More and more people use e-scooters, unicycles or segways as an alternative means of transport. This is why the National Department of Traffic (DGT by its initials in Spanish) has not wanted to wait for their formal regulation and has issued a provisional instruction that includes the rules of use that the drivers of these personal mobility vehicles must follow. This advanced initiative mainly responds to the request made by traffic police officers who, in many cities, have witnessed situations that have negatively affected road safety, and especially the most vulnerable groups.

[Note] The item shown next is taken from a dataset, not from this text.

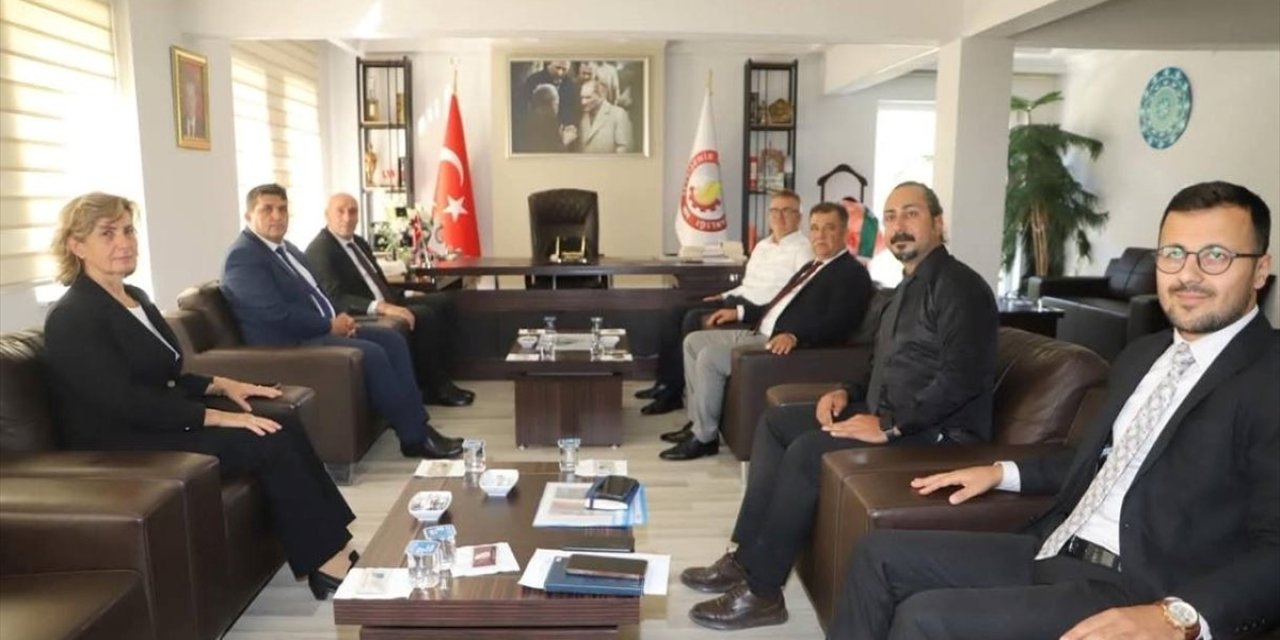 Öztürk'ten Seydişehir'de temaslar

In this provisional regulation, the DGT explains that personal mobility vehicles are vehicles with one or more wheels, which are designed for the use of a single person and propelled exclusively by electric motors. They can reach a maximum speed of 25 km/h. According to this definition, vehicles which are designed for the use of people with reduced mobility, competition vehicles, scooters with seats or mopeds are not personal mobility vehicles. In addition, in this classification, the DGT dispel the doubts concerning when a vehicle like this should be considered a toy: only when it does not exceed 6km/h.
Scooter drivers should not...
Personal mobility vehicles do not need an administrative authorization to be driven. Consequently, DGT’s regulation specifies that as long as it is clear that they are vehicles of this type, no points will be deducted from driving records. Furthermore, drivers do not need to take out an insurance policy to use them. Some experts point out that the DGT has missed a unique opportunity by forgetting to include in this provisional regulation the need to subscribe a third-party insurance, as it is key to compensate the damages caused in accidents.

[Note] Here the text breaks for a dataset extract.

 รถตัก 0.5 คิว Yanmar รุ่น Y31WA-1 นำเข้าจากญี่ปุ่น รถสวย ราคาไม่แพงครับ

What this instruction does include is a penalty system that establishes fines for the improper use of these means of transport. They range from 100 to 1,000 euros and the most serious penalties are those related to the use of drugs and alcohol. If drivers exceed the allowed alcohol rate, they face fines between 500 and 1,000 euros (depending on the concentration they reach) and 1,000 euros when there is drug presence in their bodies. In both situations, their vehicles will be immobilized, as it happens with other vehicles. Drivers cannot refuse to undergo these tests. If they do it, they will be penalized with an administrative infraction.
In turn, drivers must not get on them when using their cellphones or any other communication systems. Nor can they drive using headphones which are connected to receiving devices or audio players. In the event of non-compliance, drivers face fines of 200 euros.